A new academic study argues that state age-discrimination laws didn’t help and may even have hurt older workers during and after the Great Recession. According to one possible explanation offered in the paper, strong state laws made it hard for employers to discriminate against older workers in ordinary times, creating “pent-up demand” to ditch them when the recession hit.
That is a “conjecture,” not a proven fact, authors David Neumark and Patrick Button of the University of California at Irvine concede in the April 7 issue of the Federal Reserve Bank of San Francisco Economic Letter. Neumark has written extensively about unintended consequences of various government actions, arguing that raising the minimum wage makes it hard for unskilled workers to get jobs.
The truth is that it’s not even clear how much age discrimination older workers as a group suffered in the Great Recession. Neumark, an economics professor at Irvine, and Button, a Ph.D. candidate, point to data showing that the median duration of unemployment for older workers more than tripled during and after the recession, while the duration of joblessness only doubled for younger workers.
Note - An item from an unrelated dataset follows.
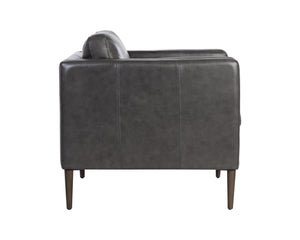Sunpan Richmond Armchair - Modern Comfort with Top Grain Leather and Solid Wood Legs for Stylish Spaces Brentwood Charcoal Leather V2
But one important statistic goes against the age-discrimination thesis. According to Bureau of Labor Statistics data, older workers were the only ones whose employment increased between the beginning of the recession in December 2007 and the beginning of 2012. For men 55 and older, the increase was 13 percent. For women it was 14 percent. In contrast, employment fell 10 percent over the period for men and women aged 35 to 44. Where’s the age discrimination?
In an e-mail response, Neumark said “nothing in the paper really lets me” judge the overall level of age discrimination. He noted that the paper focused on the differences between states with strong and weak age-discrimination laws.
There are other mysteries. Daniel Hamermesh, a labor economist at the University of Texas, said in an interview that it’s puzzling that the Irvine results were different for men and women. According to the paper, men tended to stay unemployed longer if they lived in states with stronger remedies for age discrimination, but for women it was the opposite. That seems to weaken the idea that age-discrimination laws made a difference. “It would certainly be fair to raise this as an unanswered question,” Neumark wrote in an e-mail response.
Neumark and Button conclude that strong state laws do help older workers in normal times, but weren’t much protection in the Great Recession. The pent-up-demand conjecture is that “a sharp downturn gives employers cover to engage in age discrimination.” A second conjecture is that overall unemployment was so high in the recession that the legal system couldn’t sort out what part of it might have been due to discrimination. And a third conjecture is that when demand became weak and uncertain, employers “became especially wary of hiring older workers” in states with strong discrimination proscriptions for fear of being sued if they had to lay them off.
They conclude that age-discrimination laws could be modified to “make it harder [for employers] to appeal to changes in business conditions” as a defense. “In addition,” they write, “affirmative policies that would encourage hiring of older workers might be helpful.”